In the District Court the owners corporation tried to narrow the meaning of "hearing dog" by arguing that the term had a technical meaning and applied only to dogs which had a particular period of training (6-8 months), which provided a particular level of assistance (alerting the disabled person to smoke alarms, door knocks, door bells, etc) and utilised a particular manner of alerting the disabled person (by touching the disabled person and leading them to the source of the sound, except in the case of a smoke alarm where the hearing dog would drop to the floor).  The owners corporation relied on brochures supplied by an organisation responsible for training hearing dogs known as Lions Hearing Dogs Inc.

District Court Decision

The District Court disagreed with the owners corporation's interpretation of the meaning of 'hearing dog'.  The Court said there was no reason to limit the plain meaning of a hearing dog in this way.  The Court held that the property meaning of a hearing dog in section 49(4) is a dog trained to assist a person with a hearing disability (be it partial or complete) by alerting them to some normal household sounds, such as a telephone or a doorbell.
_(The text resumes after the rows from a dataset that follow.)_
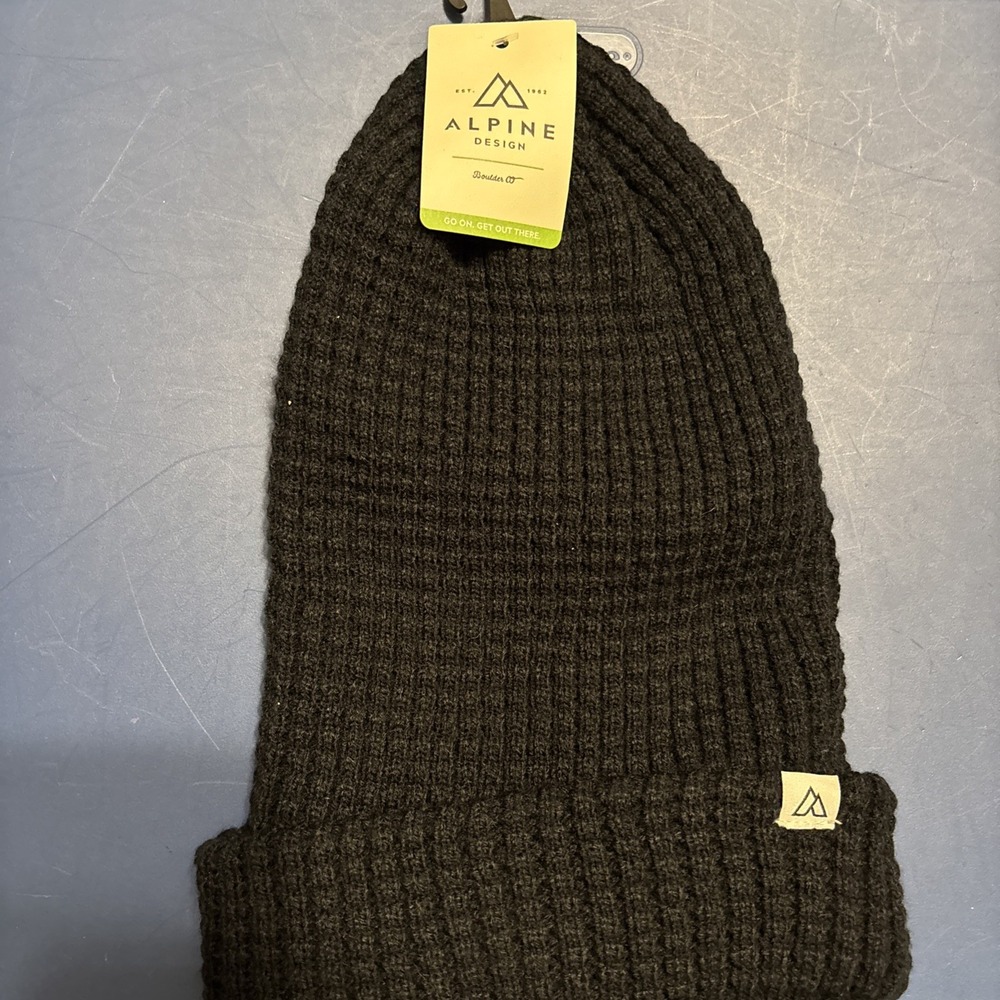 Alpine Design Women's Slouchy Waffle Knit Beanie Black OSFM New With Tags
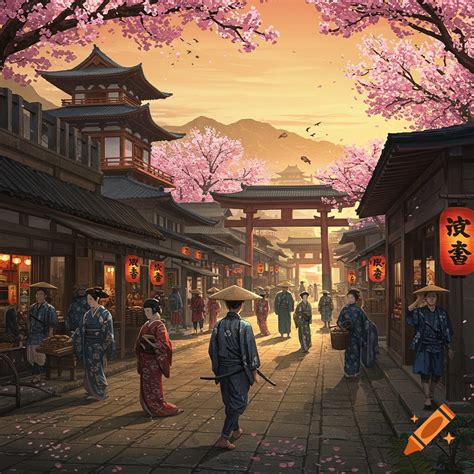 Ukiyo-e style depiction of Miyamoto Musashi with traditional Japanese ...
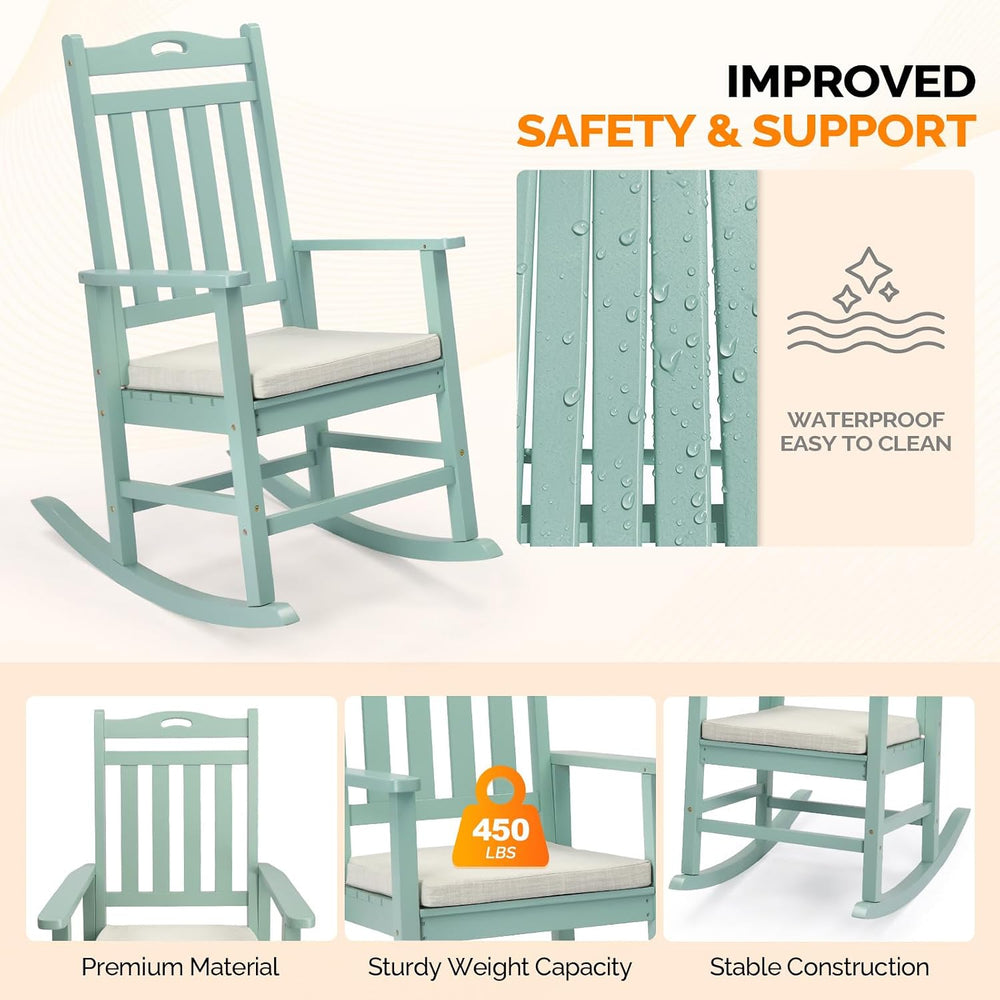 VINGLI Outdoor Rocking Chair, Wooden Rocking Chair with Cushion, Green
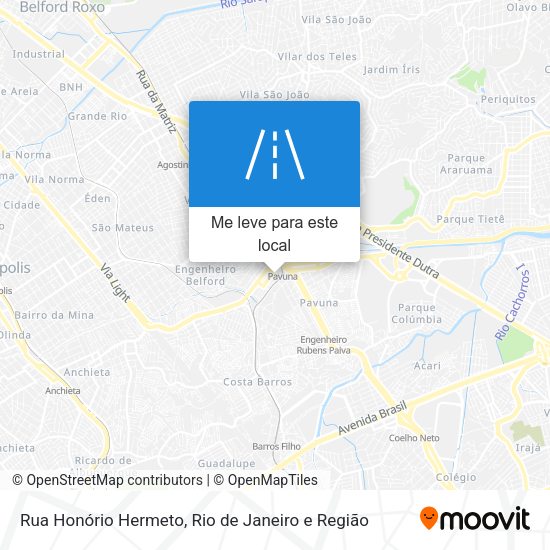 Rua Honório Hermeto mapa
But, the inquiry did not stop there.  Section 49(4) requires a dog be "used" as a hearing dog to qualify for the exemption provided by the section.  The District Court held that a dog is ":used as a hearing dog" if a not insignificant part of its function is to alert a person with a hearing disability to normal household sounds.  But the Court said that as a practical matter, it is necessary that a dog, to be used as a hearing dog, be trained so that it can provide the assistance that a hearing dog is trained to provide.

For these reasons (and others) the District Court concluded that Larry is a hearing dog meaning the by-law prohibiting pets did not apply to him as a result of which Mr and Mrs Drexler were entitled to keep Larry in their apartment for use as a hearing dog.

Conclusion

The decision in Drexler provides guidance for the circumstances in which an owner or occupier of an apartment will be able to keep a guide or hearing dog where the building has a by-law prohibiting the keeping of animals, or requiring the permission of the owners corporation in order to keep pets.

If a resident wants to keep a dog in his or her apartment on the basis that the dog is a hearing dog, the dog will need to be trained to assist the resident with a hearing disability by alerting them to some normal household sounds such as a telephone or a doorbell and the dog will need to be "used as a hearing dog" meaning a not significant part of its functions will include alerting the resident to normal household sounds.

No doubt similar requirements will need to be met for any resident seeking to keep a guide dog in a "no pets" building meaning, in general, to qualify as a guide dog, the dog will need to be trained to lead or guide a vision impaired person and used in this manner by the resident seeking to keep the dog.

Finally, the Drexler case provides a salutary lesson for an owners corporation seeking to enforce a "no-pets" by-law against a resident who claims to be using a dog as a hearing or guide dog.  The owners corporation engaged in an expensive and protracted battle to enforce the "no-pets" policy for the building ultimately losing and being ordered to pay Mr and Mrs Drexler's legal costs as well as having to bear its own costs through three separate proceedings.

An owners corporation seeking to enforce a "no-pets" policy must think very carefully before taking legal action when confronted with a resident claiming to be entitled to an exemption from the policy on the grounds that he or she is using a guide or hearing dog in their apartment or on common property.  An owners corporation placed in this position should ask the resident to provide information about the dog particularly in relation to its training and the types of tasks it performs to assist the resident as a hearing or guide dog to enable an assessment to be made as to whether or not the dog is, in fact, a guide or hearing dog that is being used in that manner by the resident and is therefore able to be kept in the building.